Hmmm......Shades of the Costa Concordia!

The Cliff Divers are at La Quebrada, out of the bay and to the north of ACA city. Next door, is the Flamingoes Hotel which was owned by John Wayne. Unfortunately, ACA is now a no-go area due to organized crime. A great shame, because I really like ACA and it's colourful and rich history. You eat well, even if the fish/seafood is actually brought down from Zihuatenejo!!

Years ago, my wife had a gas station. No kids then. It was coming up to midday. We decided to go for lunch to Acapulco! We stayed for dinner and then drove home! Acapulco is 415 Km from Mexico City. This was before the Sol (Sun) superhighway was built.

Rgds.
Dave


----------



## Tabora (Feb 9, 2013)

Paul, you are correct in your original post, MV Pacific Princess grounded inbound to the Port of Mazatlan, Mexico 0750 hours on that fateful day in June 1978. Weather conditions were also poor with heavy fog and low visibility.
Damage was sustained to the fuel double bottom tanks starboard side between frames 124 and 129.

Cheers
Tabora


----------



## sparkie2182 (May 12, 2007)

"Flamingoes Hotel which was owned by John Wayne"

The hell it was!!!!


----------



## makko (Jul 20, 2006)

sparkie2182 said:


> "Flamingoes Hotel which was owned by John Wayne"
> 
> The hell it was!!!!


Ha Ha!

My father in law, a very successful industrialist, mainly cotton, was at a wedding. The President's personal secretary came up to him and asked when he could go to Acapulco. Hea answered that never, he detested the coast as, at sea level, it made his feet swell!

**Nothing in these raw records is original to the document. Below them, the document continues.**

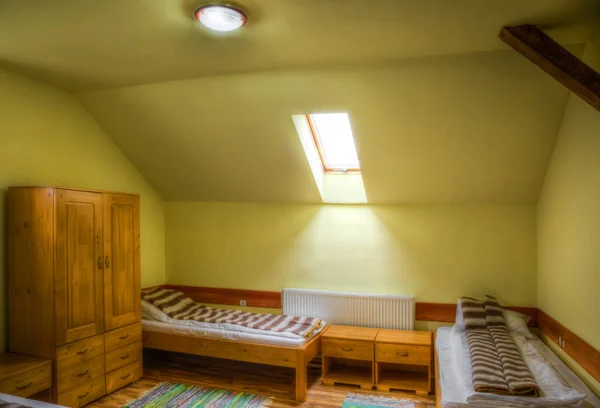 Чиста Кімната Хостелу Ліжками Шафою — стокове фото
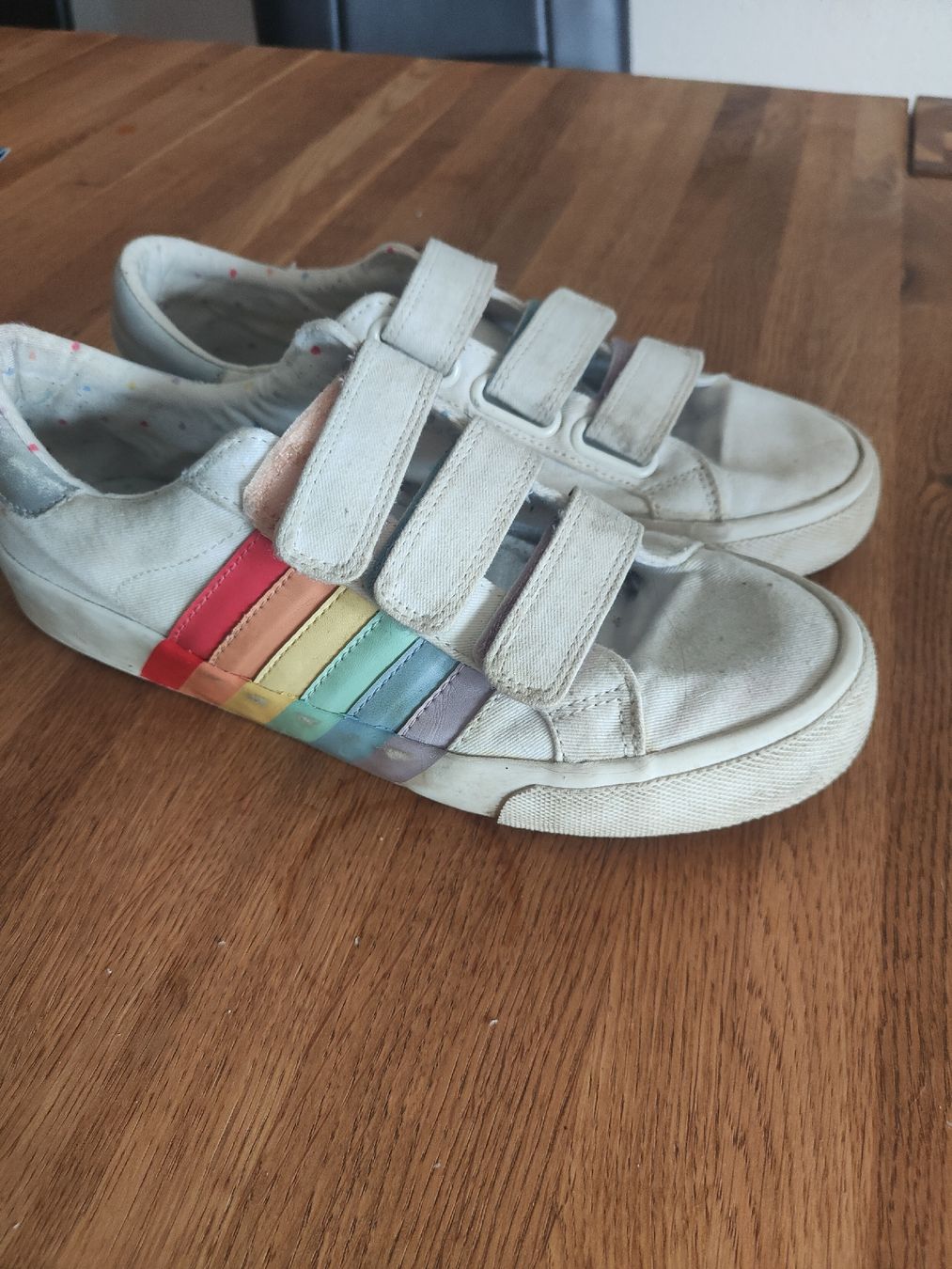 Next Scarpe per ragazze: Next Rainbow Sneaker Gr. 39 mit Klettverschluss  – Usato da Effretikon venduto da jeb_l9k5
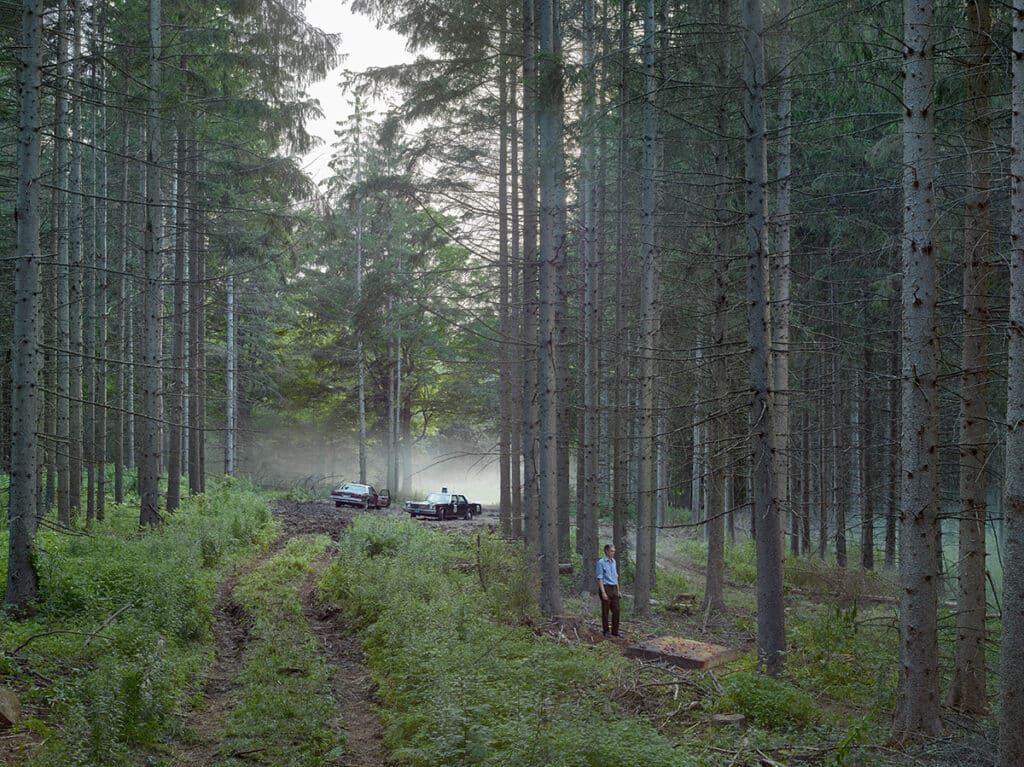 Gregory Crewdson, The Mattress, From the series: Cathedral of the Pines, 2013-2014. Digital pigment print. The ALBERTINA Museum, Vienna, Permanent loan – Private Collection © Gregory Crewdson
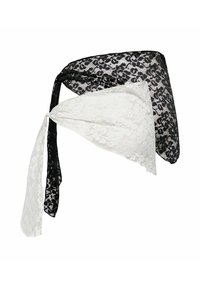 Foulard en dentelle noire et blanche avec des motifs floraux noué en un nœud lâche sur fond blanc.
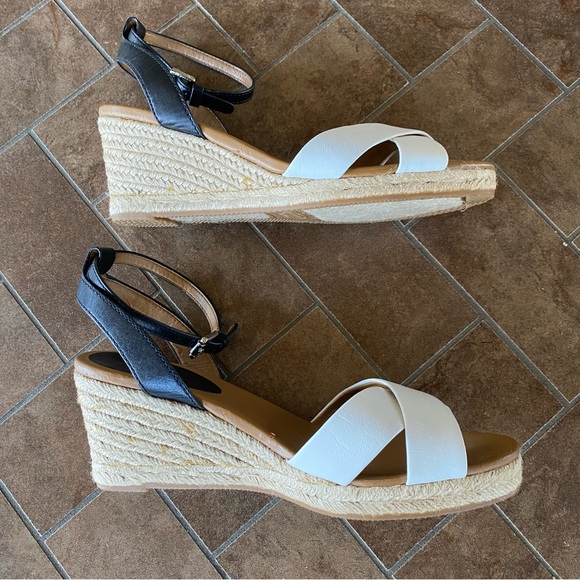 Coach Wedges - Picture 4 of 12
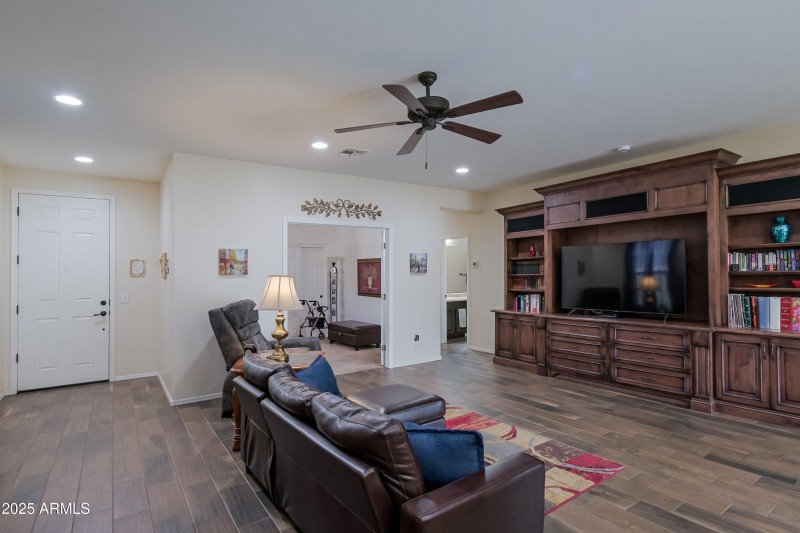 4LivingRoom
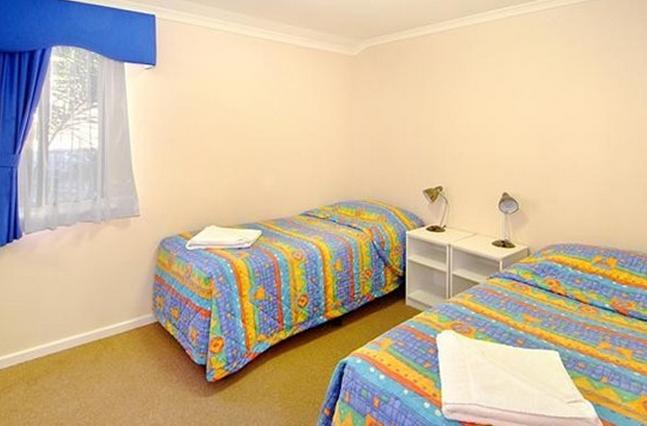 BIG4 Beachlands Holiday Park - Busselton: Second bedroom in cottage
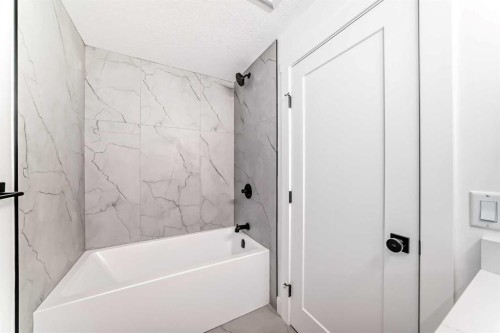 515 34A Street Nw, Calgary, AB - Indoor Photo Showing Bathroom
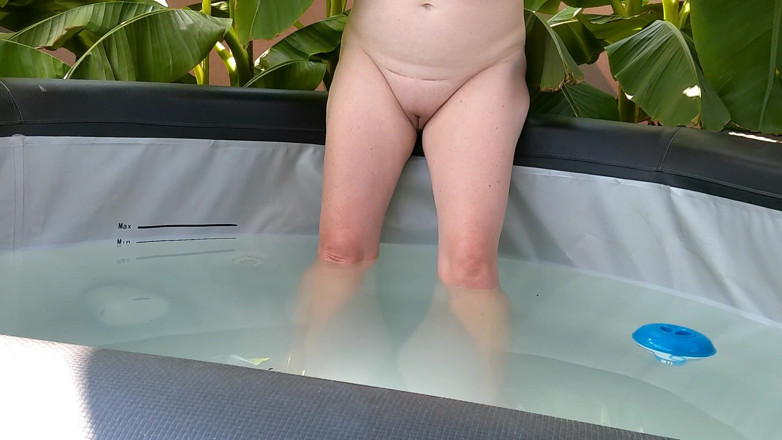SimoneLive1: I'm Not a Pool Boy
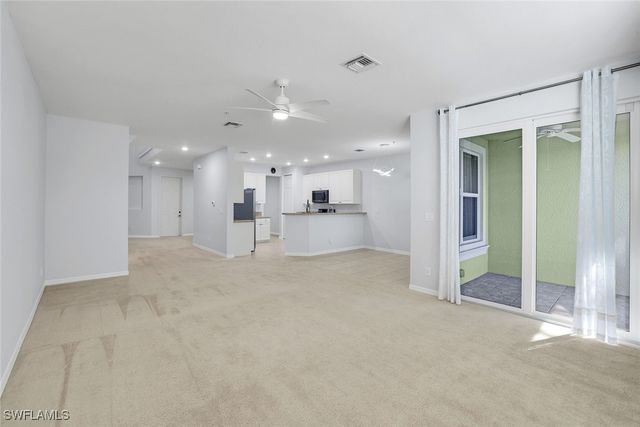 1370 Mariposa CIR 102, Naples, FL 34105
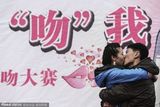 组图：情人节接吻大赛 女选手骑男友忘我舌吻
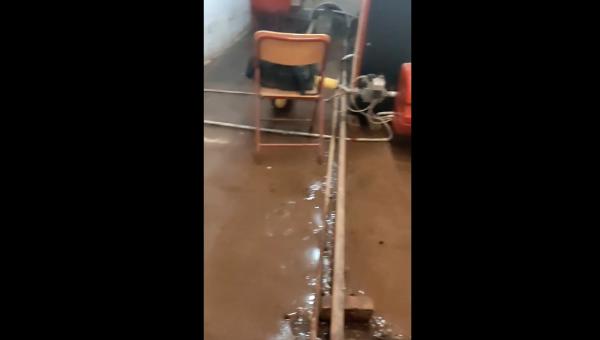 Πλημμύρισε το 16ο Δημοτικό Σχολείο Αθηνών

Next wedding, the President was a witness. He collared my F-I-L and asked why, when he wanted only him to go as the President of the Material Betterment Counsel, he refused to! He agreed to go. The role was to stymie the previous president's attempt to "control" Acapulco and it's tourist opportunities! The story is much longer...........! This was in 1953-55, the golden era of Acapulco as a haven for the "Jet Set".

My wife's half brother (she was born in 62, like me) used to hang out most weekends at Acapulco, ostensibly visiting his father, but intent on "pulling"! His friend was a native of Acapulco, and his nickname was the Matador. He was a dead ringer for Tyrone Powell. They would find a boat pulled up on the beach and "Tyrone" would extend a towel and sunbathe in the boat. Inevitably, females would gather asking if it was Tyrone. They never said yes or no, but "Tyrone" would sign their autograph books and then the group (having "pulled") would saunter off for a long lunch...........!

So, yes, there is a family connection to Acapulco, which in it's day was a fantastic destination. Not now..............Very unfortunately.

Rgds.
Dave


----------



## Paul Seabright (Apr 14, 2020)

Tabora said:


> Paul, you are correct in your original post, MV Pacific Princess grounded inbound to the Port of Mazatlan, Mexico 0750 hours on that fateful day in June 1978. Weather conditions were also poor with heavy fog and low visibility.
> Damage was sustained to the fuel double bottom tanks starboard side between frames 124 and 129.
> 
> Cheers
> Tabora


Thank you Tabora. 
It's strange how such a vivid memory of the time was so completely wrong!
I'm curious - what was your involvement with the PP? Were you onboard at the time?


----------



## Brandane62 (Sep 1, 2008)

Talking of Mazatlan, and P&O connections - I was a deck cadet on the mv Ardmore (tanker), from August 1980 to March 1981. She was on contract to Petroleos Mexicanos (PEMEX) carrying refined petrol and diesel from Salina Cruz to various ports (and pipelines offshore!) on the Pacific coast of Mexico. Mazatlan and Manzanillo were the only ports of call where we went alongside and could get a few hours ashore. Not the best trip of my short career! I recall being in Mazatlan at the same time as the Pacific Princess during one of our visits, and not being allowed on board despite working for the company.


----------